EXERCISE PROMPT - The lines below, from the one containing "Hey everyone, Dr." through the one containing "I've just returned", should be set down exactly, with no pictures and nothing else.

DATA SHOWN -
============

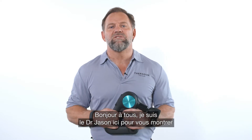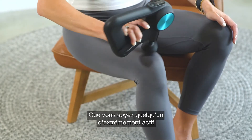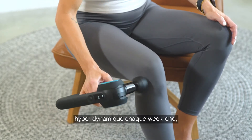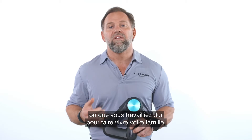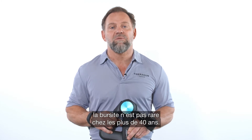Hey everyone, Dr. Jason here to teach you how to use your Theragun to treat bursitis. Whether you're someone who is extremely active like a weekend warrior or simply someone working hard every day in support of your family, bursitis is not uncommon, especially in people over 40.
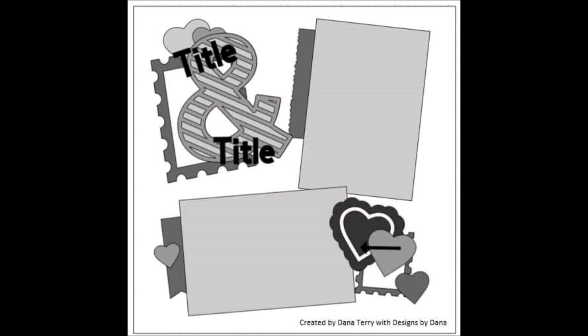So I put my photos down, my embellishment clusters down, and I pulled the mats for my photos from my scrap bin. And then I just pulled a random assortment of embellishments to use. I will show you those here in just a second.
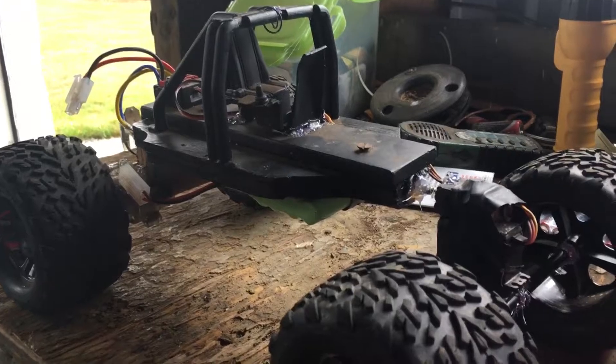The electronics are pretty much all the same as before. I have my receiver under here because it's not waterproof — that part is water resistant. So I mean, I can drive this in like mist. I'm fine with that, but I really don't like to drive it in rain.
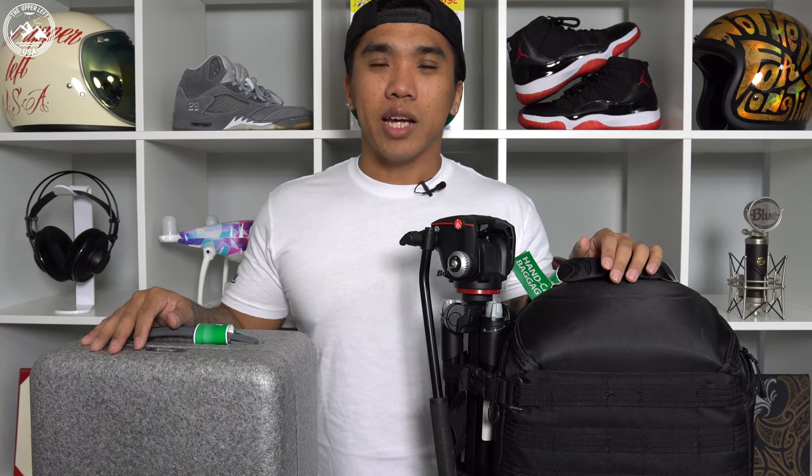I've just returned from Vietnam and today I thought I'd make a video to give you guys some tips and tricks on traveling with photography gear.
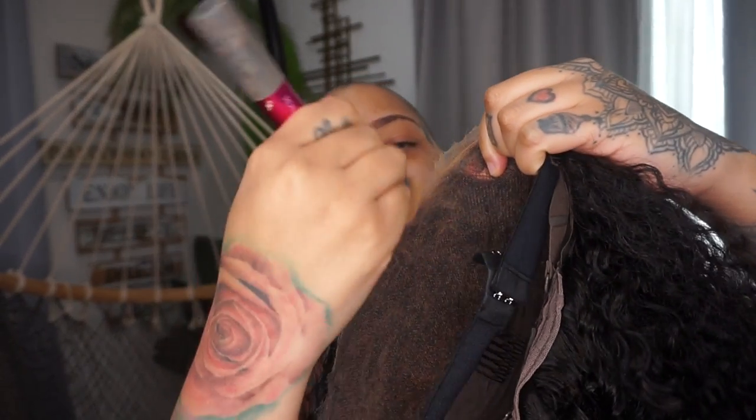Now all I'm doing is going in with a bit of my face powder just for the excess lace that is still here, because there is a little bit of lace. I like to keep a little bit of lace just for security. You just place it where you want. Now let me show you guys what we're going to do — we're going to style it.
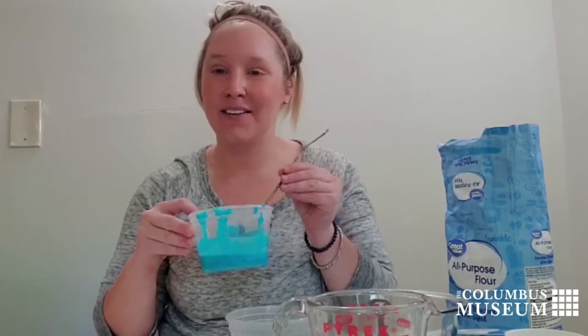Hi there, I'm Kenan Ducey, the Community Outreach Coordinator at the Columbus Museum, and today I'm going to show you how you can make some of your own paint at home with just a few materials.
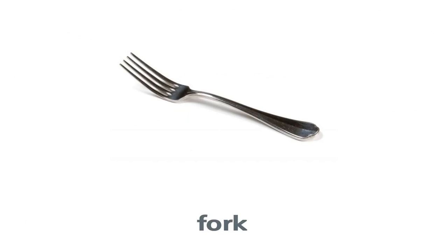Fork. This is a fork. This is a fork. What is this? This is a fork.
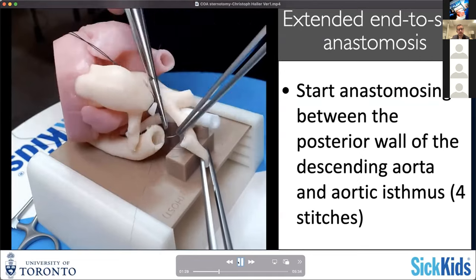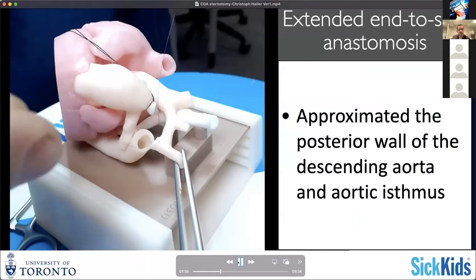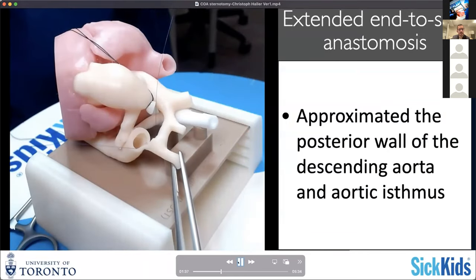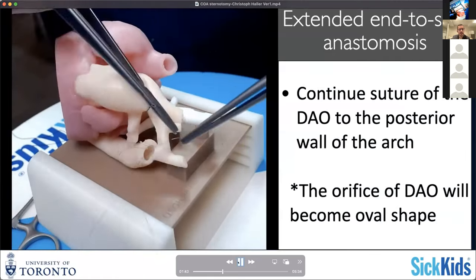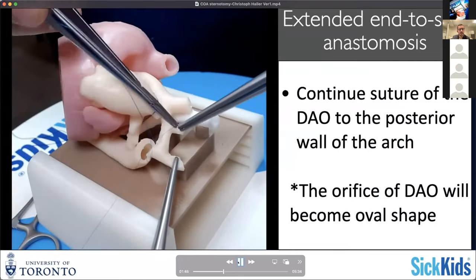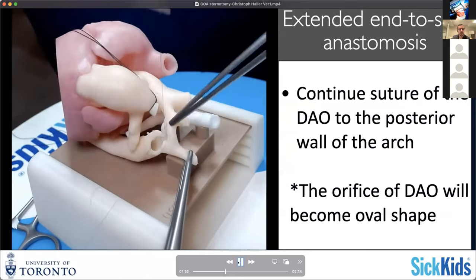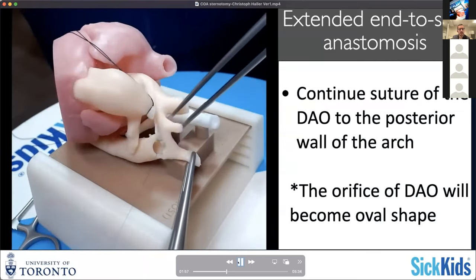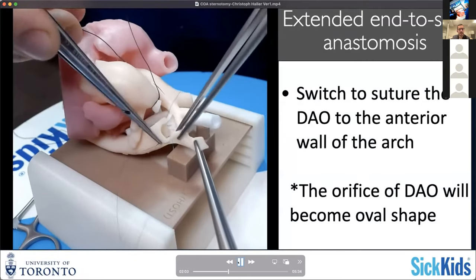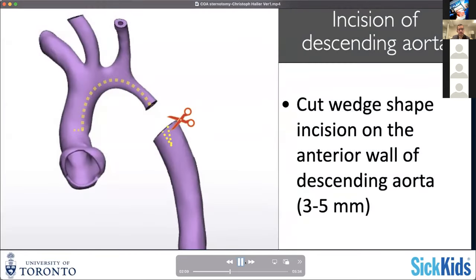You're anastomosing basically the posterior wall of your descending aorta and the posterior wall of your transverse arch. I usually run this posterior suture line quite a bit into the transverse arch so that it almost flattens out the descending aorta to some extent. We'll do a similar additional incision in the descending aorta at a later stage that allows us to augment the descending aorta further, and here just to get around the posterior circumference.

============

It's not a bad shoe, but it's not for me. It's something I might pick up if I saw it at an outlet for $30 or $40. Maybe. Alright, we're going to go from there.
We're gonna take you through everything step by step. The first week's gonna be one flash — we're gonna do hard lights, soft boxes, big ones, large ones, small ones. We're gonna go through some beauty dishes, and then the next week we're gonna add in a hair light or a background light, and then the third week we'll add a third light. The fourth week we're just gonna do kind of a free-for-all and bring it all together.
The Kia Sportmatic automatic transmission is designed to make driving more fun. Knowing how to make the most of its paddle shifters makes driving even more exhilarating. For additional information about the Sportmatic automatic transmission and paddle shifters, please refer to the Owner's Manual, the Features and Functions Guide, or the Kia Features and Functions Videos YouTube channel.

============

EXERCISE RESULT -
Hey everyone, Dr. Jason here to teach you how to use your Theragun to treat bursitis. Whether you're someone who is extremely active like a weekend warrior or simply someone working hard every day in support of your family, bursitis is not uncommon, especially in people over 40.
So I put my photos down, my embellishment clusters down, and I pulled the mats for my photos from my scrap bin. And then I just pulled a random assortment of embellishments to use. I will show you those here in just a second.
The electronics are pretty much all the same as before. I have my receiver under here because it's not waterproof — that part is water resistant. So I mean, I can drive this in like mist. I'm fine with that, but I really don't like to drive it in rain.
I've just returned from Vietnam and today I thought I'd make a video to give you guys some tips and tricks on traveling with photography gear.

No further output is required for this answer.